"Con verdadera emoción acabo de pisar suelo español. Bendito sea Dios, que me ha permitido venir hasta aquí, en este mi viaje apostólico".
(Aeropuerto de Barajas. Domingo 31 octubre 1982)
En Roma el 1 de noviembre de 1987 Juan Pablo II tomó las llaves del Cielo y de la Tierra con la sencillez y la responsabilidad de todos sus compromisos. Esta nueva misión, la de ser el Papa que cierre el s. XX, es la más inmensa y decisiva de su vida la que exige de él una fidelidad máxima, una entrega absoluta.
Habremos pensado alguna vez de qué manera habrá cuidado Dios a Karol Wojtyla para encomendarle el destino de su Iglesia.
Cómo habrá enseñado el Padre a este hombre cuál es el camino de la Redención.
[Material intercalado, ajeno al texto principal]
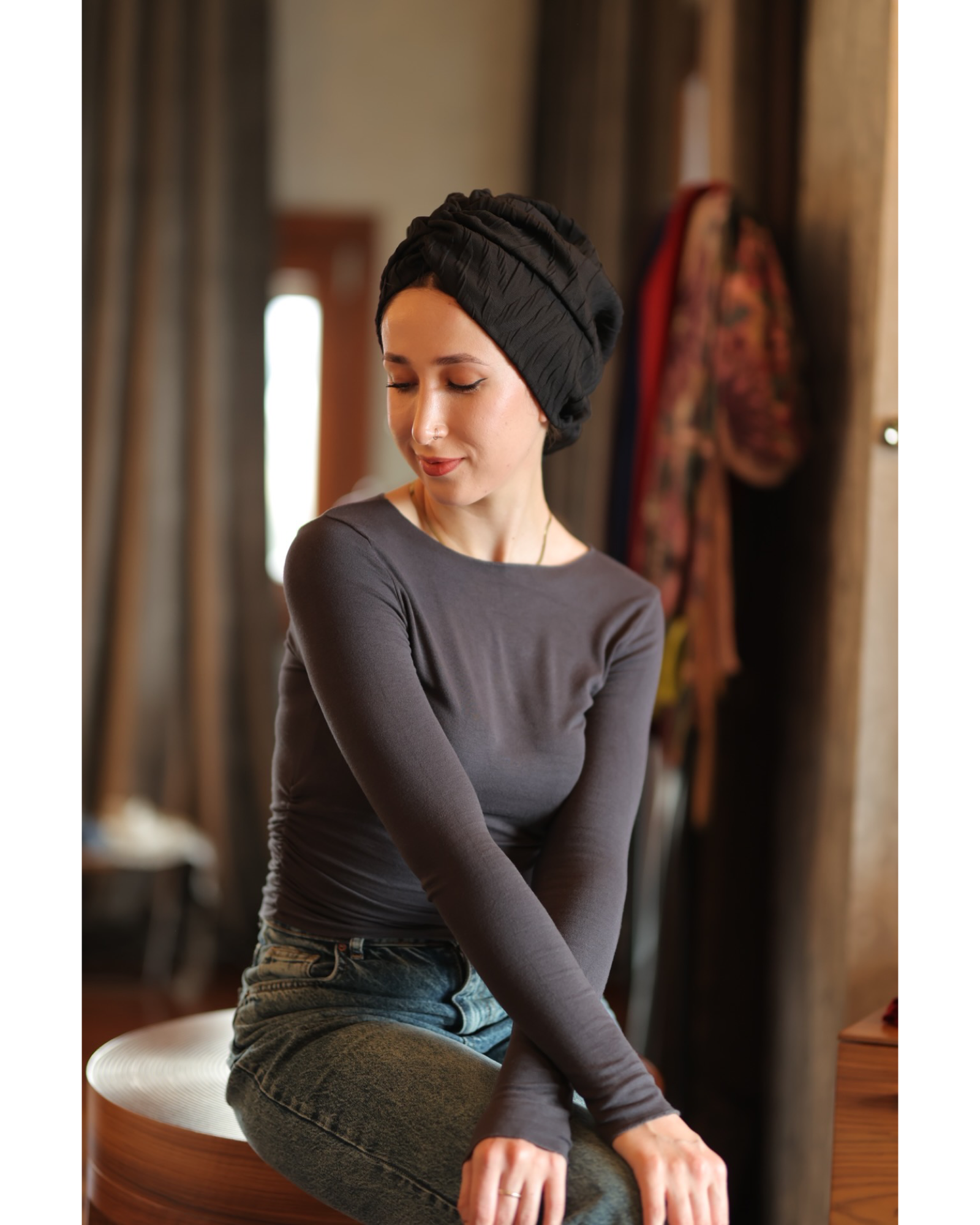 Esra Tokelli Büzgülü Bone - Kabartmalı Kumaş - Siyah Renk - BitterColors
De qué forma Cristo quiere que entre las palabras gastadas y las garras de la guerra un nuevo Pedro anuncie su Evangelio.
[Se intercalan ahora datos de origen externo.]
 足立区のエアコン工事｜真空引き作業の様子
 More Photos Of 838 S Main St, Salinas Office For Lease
Cuando se analiza esto solo nos decimos -como en confidencia- que Dios ha forjado a golpes de Cruz a un santo para esta tarea.
Su plenitud humana, demostrada en la mina, en la Universidad, en la Guerra y en la Iglesia, siempre amando, es la del hombre que no vacilaría ante el martirio en la proclama de Dios, un hombre que resplandece del Espíritu Santo.
Es innegable que el Papa ha comprendido perfectamente la palabra divina y como profeta conduce a la historia hacia el hogar de los elegidos.
Cada minuto de su vida es una invitación a continuar el camino. No se desmaya porque está profundamente enamorado de Dios.
Lleva ya 5 años gestándose en este milagro.
Con estas líneas queríamos dirigir nuestro foco hacia la huella que en su peregrinaje dejó en España.
El año pasado, noviembre dejó pasar a Juan Pablo II por la Castellana madrileña, por Guadalupe, Toledo, Loyola, Zaragoza, Barcelona, Valencia, Santiago, y muchos rincones más de la Península.
El eco de su vida de santo ha hecho que la Iglesia de España lleve un año encontrándose a sí misma y redescubriendo la ilusión de vivir seguir el Espíritu. Nos dijo a todos que era imperioso construir una civilización para el hombre. Y nos relayó el Evangelio deteniéndose en el modo concreto en que debemos hacerlo: purificando el corazón de arriba a abajo. Comprometiendo el alma y el cuerpo en el seguimiento de la Luz.
Nos confirmó en nuestra esperanza. Nos gritó que el Hijo de Dios no podía tener miedo a nada.
Quiere esta Papa que los hijos de la Iglesia dejen de dar gato por liebre a sus hermanos incrédulos y sean de una vez intachables. Porque así conmoverán a la humanidad y santificarán todo.
Wojtyla abrió el invierno de España hace un año y solo nos queda meditar constantemente sus palabras, que no son originales, que son las de Cristo.